I've been pondering the differences between the French and myself, trying to account for my unseemly behavior. If I merely spoke French, perhaps that would help. I'd speak more slowly. Well, truly I would speak rarely, as my French is terrible and my accent is worse. And if I spoke less, maybe I would sleep more. If I slept more, perhaps my rested self would eat more slowly, thus taking in less food in more time.

But if I spoke French, then I'd have to BE French. Or at least pretend to be. And French women wear very insensible shoes, upon which they totter. I'm not good at tottering. Or teetering. Neither of which are similar to Twittering, which I also do not do.
Perhaps I need to wear those insensible French shoes to the dinner table, as they would also encourage me to sit for a long period of time--seeing as how I can't stand up in them.

The French eye roll? That I can do. The shrug? I'm there. And, really, the sleep part would be awfully easy to take on. Yes, I'd do it, pull on my big girl panties and take those 9 hours of sleep as painful medicine. But when would I tackle my big life accomplishments, like the NYTimes Thursday puzzle or the Trib's Friday sudoku, or blog about important politic issues of our times, like studies that waste thousands of dollars telling us that which we already know? Which is more pleasurable, sleep or these things?
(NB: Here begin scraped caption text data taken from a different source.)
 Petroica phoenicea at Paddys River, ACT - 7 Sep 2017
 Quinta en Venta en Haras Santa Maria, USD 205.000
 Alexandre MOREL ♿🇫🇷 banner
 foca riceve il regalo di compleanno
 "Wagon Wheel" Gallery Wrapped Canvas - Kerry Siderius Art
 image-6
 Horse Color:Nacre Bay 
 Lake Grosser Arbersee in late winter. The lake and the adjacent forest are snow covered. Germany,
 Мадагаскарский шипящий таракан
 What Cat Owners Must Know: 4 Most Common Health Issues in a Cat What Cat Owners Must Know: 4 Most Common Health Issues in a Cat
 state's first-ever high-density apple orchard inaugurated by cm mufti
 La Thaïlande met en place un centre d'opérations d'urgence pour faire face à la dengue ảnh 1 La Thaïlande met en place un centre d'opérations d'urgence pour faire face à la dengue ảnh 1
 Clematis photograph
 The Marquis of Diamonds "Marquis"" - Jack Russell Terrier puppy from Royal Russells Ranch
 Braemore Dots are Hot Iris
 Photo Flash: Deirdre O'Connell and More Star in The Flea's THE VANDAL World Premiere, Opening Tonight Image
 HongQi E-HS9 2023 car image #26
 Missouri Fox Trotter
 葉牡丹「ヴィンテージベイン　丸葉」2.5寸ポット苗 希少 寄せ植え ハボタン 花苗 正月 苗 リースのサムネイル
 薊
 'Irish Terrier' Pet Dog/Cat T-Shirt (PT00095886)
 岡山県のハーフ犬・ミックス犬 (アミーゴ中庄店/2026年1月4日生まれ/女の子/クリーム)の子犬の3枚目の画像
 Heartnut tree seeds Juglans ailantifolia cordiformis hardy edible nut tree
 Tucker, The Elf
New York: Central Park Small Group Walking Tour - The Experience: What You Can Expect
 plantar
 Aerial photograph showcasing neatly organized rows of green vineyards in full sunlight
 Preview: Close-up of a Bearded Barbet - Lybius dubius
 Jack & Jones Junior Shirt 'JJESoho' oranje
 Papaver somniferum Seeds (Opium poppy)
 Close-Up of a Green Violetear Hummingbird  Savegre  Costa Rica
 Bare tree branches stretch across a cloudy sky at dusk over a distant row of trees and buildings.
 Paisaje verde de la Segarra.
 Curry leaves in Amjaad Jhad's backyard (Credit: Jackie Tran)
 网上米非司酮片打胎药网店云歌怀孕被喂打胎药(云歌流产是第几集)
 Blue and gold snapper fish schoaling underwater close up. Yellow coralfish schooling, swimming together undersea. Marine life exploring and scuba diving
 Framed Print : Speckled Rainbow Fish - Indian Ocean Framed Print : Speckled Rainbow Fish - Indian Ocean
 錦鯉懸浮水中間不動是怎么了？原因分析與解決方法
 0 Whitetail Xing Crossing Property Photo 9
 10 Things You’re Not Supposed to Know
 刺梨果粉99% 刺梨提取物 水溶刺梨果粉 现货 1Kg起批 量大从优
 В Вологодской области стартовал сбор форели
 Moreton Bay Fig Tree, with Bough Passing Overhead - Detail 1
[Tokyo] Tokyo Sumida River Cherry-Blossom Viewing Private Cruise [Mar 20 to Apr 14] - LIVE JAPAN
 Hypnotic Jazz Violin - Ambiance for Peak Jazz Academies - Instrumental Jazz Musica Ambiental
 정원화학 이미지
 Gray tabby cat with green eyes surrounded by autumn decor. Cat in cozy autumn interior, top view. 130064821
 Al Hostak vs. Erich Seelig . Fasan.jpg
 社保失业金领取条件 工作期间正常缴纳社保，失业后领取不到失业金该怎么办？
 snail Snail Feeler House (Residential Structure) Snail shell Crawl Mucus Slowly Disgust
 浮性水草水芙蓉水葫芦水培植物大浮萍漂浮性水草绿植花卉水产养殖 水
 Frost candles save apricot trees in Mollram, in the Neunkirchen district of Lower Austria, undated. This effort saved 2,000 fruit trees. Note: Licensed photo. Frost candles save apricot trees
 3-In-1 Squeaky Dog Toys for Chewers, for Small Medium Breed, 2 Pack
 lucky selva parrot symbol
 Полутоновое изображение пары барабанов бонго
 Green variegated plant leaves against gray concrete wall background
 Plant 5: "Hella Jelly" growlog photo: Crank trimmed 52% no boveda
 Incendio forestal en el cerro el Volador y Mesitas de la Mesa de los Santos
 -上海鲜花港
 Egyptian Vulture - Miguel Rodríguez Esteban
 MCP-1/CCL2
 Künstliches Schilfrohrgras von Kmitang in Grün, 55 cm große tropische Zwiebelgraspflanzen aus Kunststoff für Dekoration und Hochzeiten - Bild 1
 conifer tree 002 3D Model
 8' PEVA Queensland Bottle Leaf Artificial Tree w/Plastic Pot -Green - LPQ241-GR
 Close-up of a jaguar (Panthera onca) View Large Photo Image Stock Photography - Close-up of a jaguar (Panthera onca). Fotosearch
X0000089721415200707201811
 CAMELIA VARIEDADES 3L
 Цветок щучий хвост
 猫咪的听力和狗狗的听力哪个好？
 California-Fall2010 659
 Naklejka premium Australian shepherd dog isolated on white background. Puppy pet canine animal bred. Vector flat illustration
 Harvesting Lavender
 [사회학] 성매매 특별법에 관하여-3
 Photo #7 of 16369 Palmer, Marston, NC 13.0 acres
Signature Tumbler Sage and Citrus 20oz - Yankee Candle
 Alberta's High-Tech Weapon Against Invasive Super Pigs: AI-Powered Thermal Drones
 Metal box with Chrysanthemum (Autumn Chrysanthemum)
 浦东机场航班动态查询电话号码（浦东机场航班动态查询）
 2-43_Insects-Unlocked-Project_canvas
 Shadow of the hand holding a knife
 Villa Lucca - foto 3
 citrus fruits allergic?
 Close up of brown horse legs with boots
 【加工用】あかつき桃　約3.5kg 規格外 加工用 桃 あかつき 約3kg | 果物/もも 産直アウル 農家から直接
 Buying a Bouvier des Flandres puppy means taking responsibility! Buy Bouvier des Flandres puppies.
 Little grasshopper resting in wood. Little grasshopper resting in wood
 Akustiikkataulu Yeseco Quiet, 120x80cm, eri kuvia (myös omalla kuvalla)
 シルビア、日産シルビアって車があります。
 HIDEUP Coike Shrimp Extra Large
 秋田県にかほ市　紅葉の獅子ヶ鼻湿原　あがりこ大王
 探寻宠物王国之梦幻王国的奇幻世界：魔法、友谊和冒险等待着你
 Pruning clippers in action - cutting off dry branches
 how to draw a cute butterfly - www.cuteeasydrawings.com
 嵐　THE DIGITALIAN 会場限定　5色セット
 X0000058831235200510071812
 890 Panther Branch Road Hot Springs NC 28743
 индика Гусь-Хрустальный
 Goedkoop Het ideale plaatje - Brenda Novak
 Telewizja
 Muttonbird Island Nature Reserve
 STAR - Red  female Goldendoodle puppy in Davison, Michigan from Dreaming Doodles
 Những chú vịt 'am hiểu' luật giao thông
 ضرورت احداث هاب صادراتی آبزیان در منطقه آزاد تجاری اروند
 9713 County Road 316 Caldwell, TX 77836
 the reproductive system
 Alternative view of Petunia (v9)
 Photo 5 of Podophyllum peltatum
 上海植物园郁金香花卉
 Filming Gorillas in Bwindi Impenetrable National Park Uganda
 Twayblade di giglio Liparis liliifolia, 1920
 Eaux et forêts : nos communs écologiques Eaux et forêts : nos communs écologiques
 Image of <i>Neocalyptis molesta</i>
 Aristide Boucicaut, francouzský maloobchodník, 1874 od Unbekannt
The hardest part would be the slow eating. For years and years, I've made family dinner time a priority, as a good rule-following mother should. Slapped those home-cooked meals down on the table at 5:30, gathered the family together for quality food, quality time, and quality conversations. Doesn't that sound conducive to slow eating? Harumph. Not so much.

Why? The boys argue with regularity about any possible topic, as fathers and young men are apt to do. The teenage girl reacts with predictable dramatic flair to the annoying male things that her father and brother are apt to do.

Further, the whole family is so comfortable in their knowledge of my love that they feel free to critique the previously mentioned quality food that I prepare. Well, I am not interested in their critiques. Not one bit. I make the food; you eat the food; you are grateful for the food or you cook it yourself.

None of these behaviors (including my own) seem to lend themselves to quiet family bonding moments. No one is hanging around the dinner table for hours at a time. Rather, I find that I react to these behaviors by eating as much food as I can as quickly as I can. This definitely doesn't fit into the French plan of eat little for a long time. I love my family but I do not want to sit at the table with them for a long time at this stage of our family life together. So shoot me.

Rather than resort to violence (against my family or self-inflicted), I've encouraged a whole new line of behaviors, including reading at the table, grazing, and studiously avoiding eye contact while eating, the better to bypass those pesky social interactions between family members. I find myself feeling more French every meal, as arguments, furious silence or ear plugging are replaced by blissful long moments of shared quiet over good reading material.